Crawled caption data

******

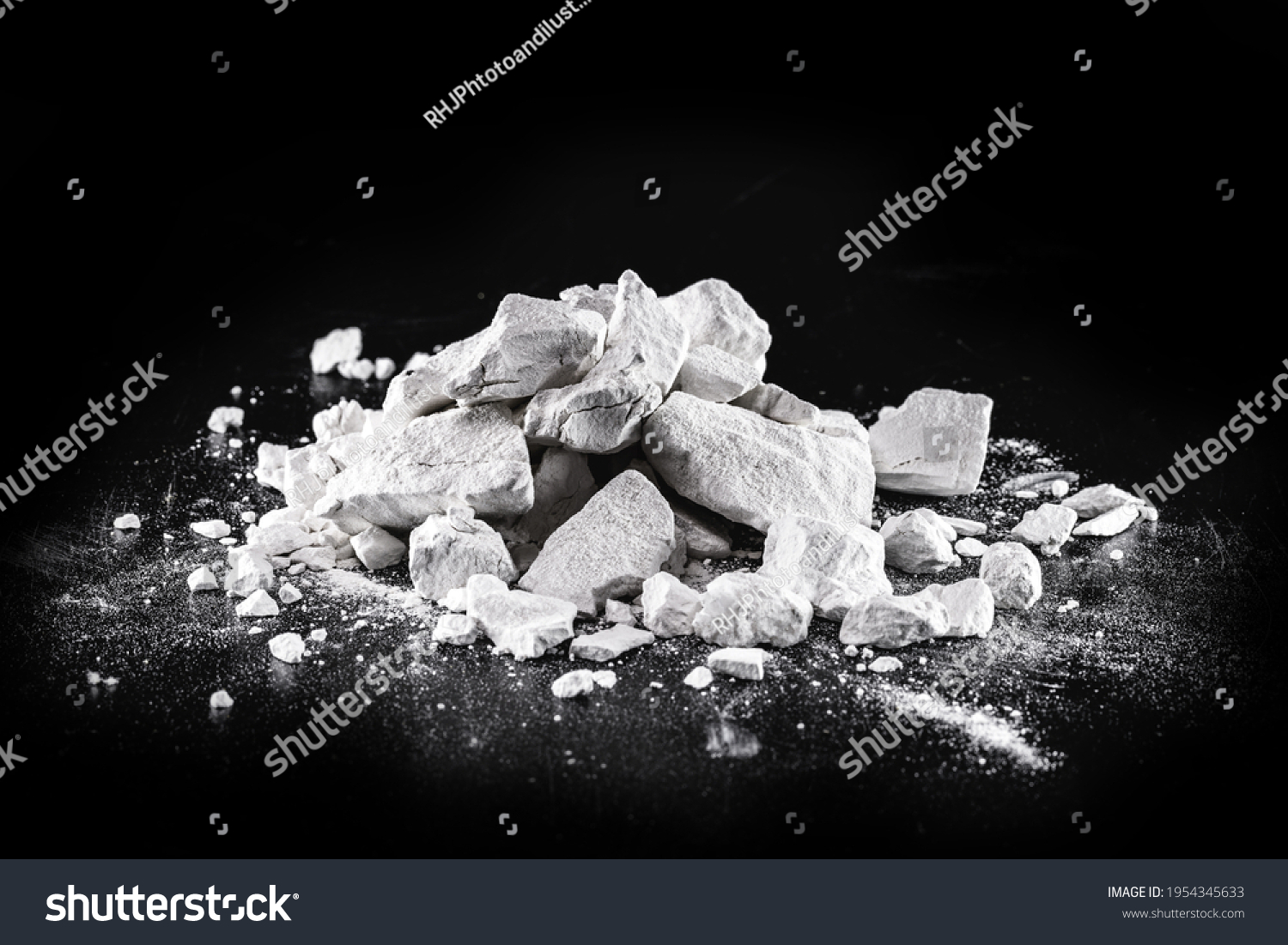 Calcium and Magnesium stones, black background. Called virgin lime or quicklime #1954345633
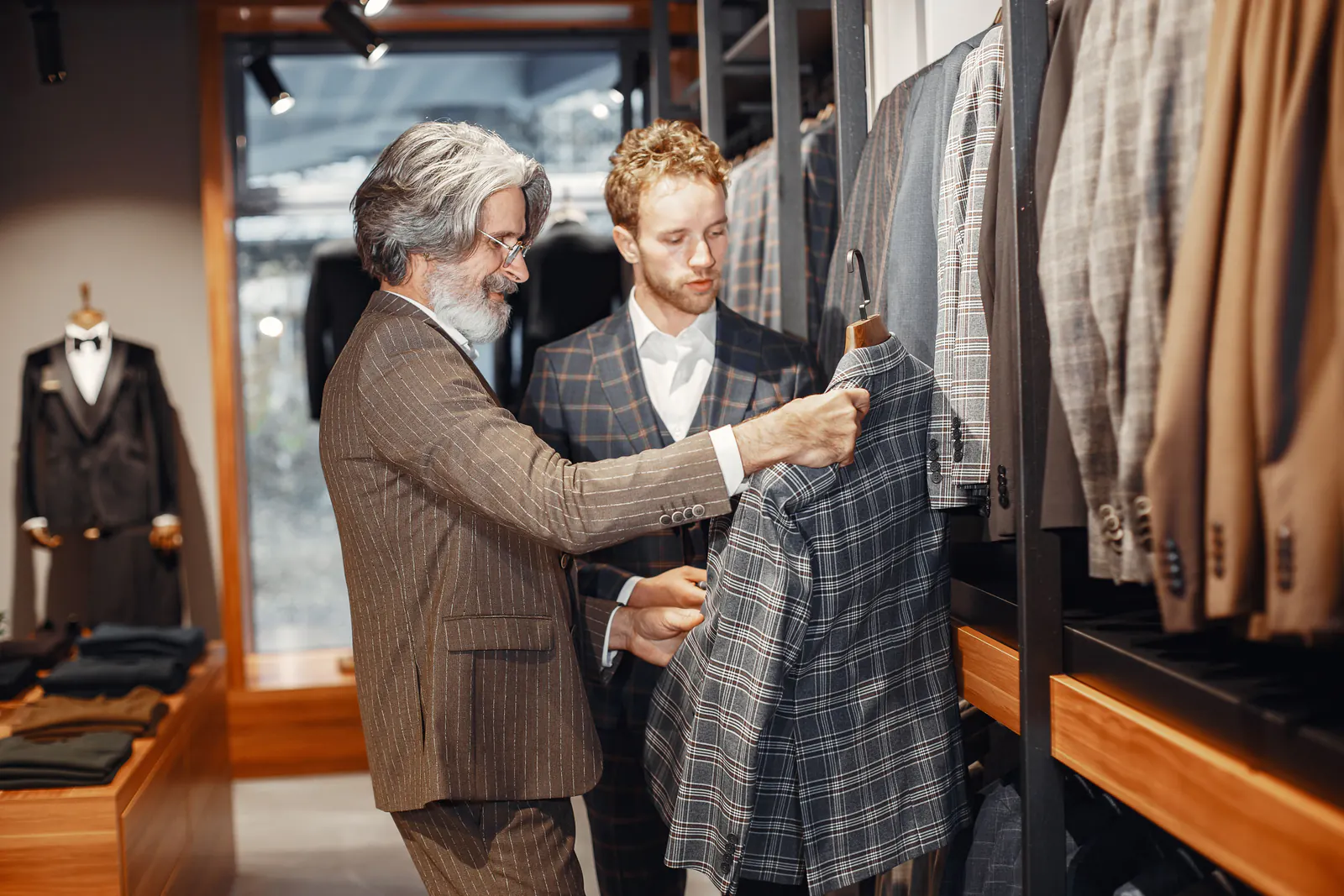 Customers reviewing suit jackets inside a specialty retail store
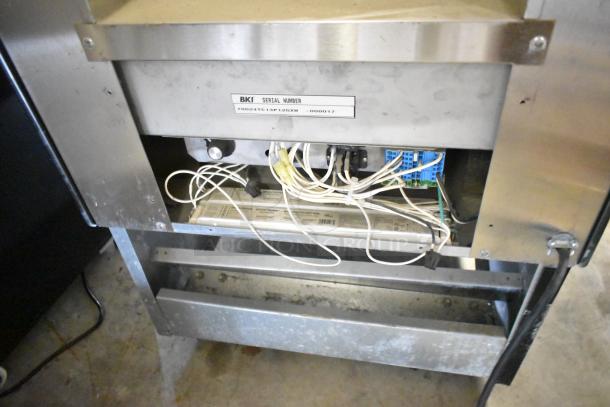 BKI HSS2-4T metal commercial reach-in hot merchandiser with visible wiring and serial number plate, on casters.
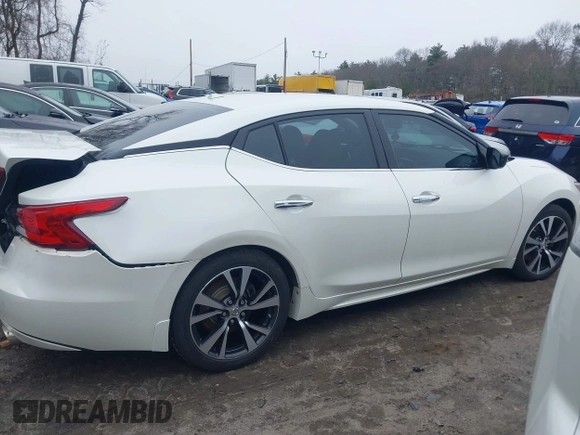 2016 Nissan Maxima S with VIN 1N4AA6AP2GC412533, listed as a IAAI auction lot 41831813 with 122,933 mi miles and . Bid and sale history available at DreamBid. Image 13.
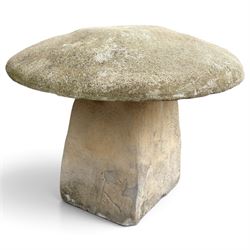 Weathered cast stone two-piece staddle stone of squat form, domed circular top over square...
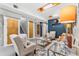 Inviting living room with recessed lighting, plush seating, and elegant decor at 1182 S Alcott St, Denver, CO 80219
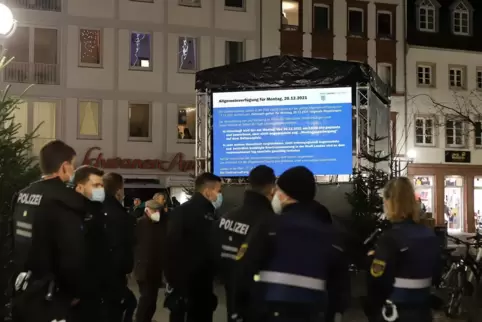 Die Allgemeinverfügung der Stadt zum Verbot sogenannter Montagsspaziergänge wird auf einer LED-Wand auf dem Rathausplatz angezei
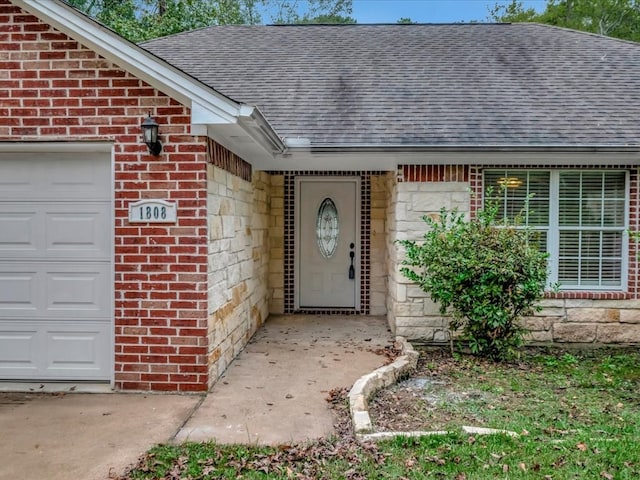 view of exterior entry with a garage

******

= Work request =
Would you reproduce the lines above exactly, without carrying over the pictures?

= Answer for this exercise =
 Calcium and Magnesium stones, black background. Called virgin lime or quicklime #1954345633
 Customers reviewing suit jackets inside a specialty retail store
 BKI HSS2-4T metal commercial reach-in hot merchandiser with visible wiring and serial number plate, on casters.
 2016 Nissan Maxima S with VIN 1N4AA6AP2GC412533, listed as a IAAI auction lot 41831813 with 122,933 mi miles and . Bid and sale history available at DreamBid. Image 13.
 Weathered cast stone two-piece staddle stone of squat form, domed circular top over square...
 Inviting living room with recessed lighting, plush seating, and elegant decor at 1182 S Alcott St, Denver, CO 80219
 Die Allgemeinverfügung der Stadt zum Verbot sogenannter Montagsspaziergänge wird auf einer LED-Wand auf dem Rathausplatz angezei
 view of exterior entry with a garage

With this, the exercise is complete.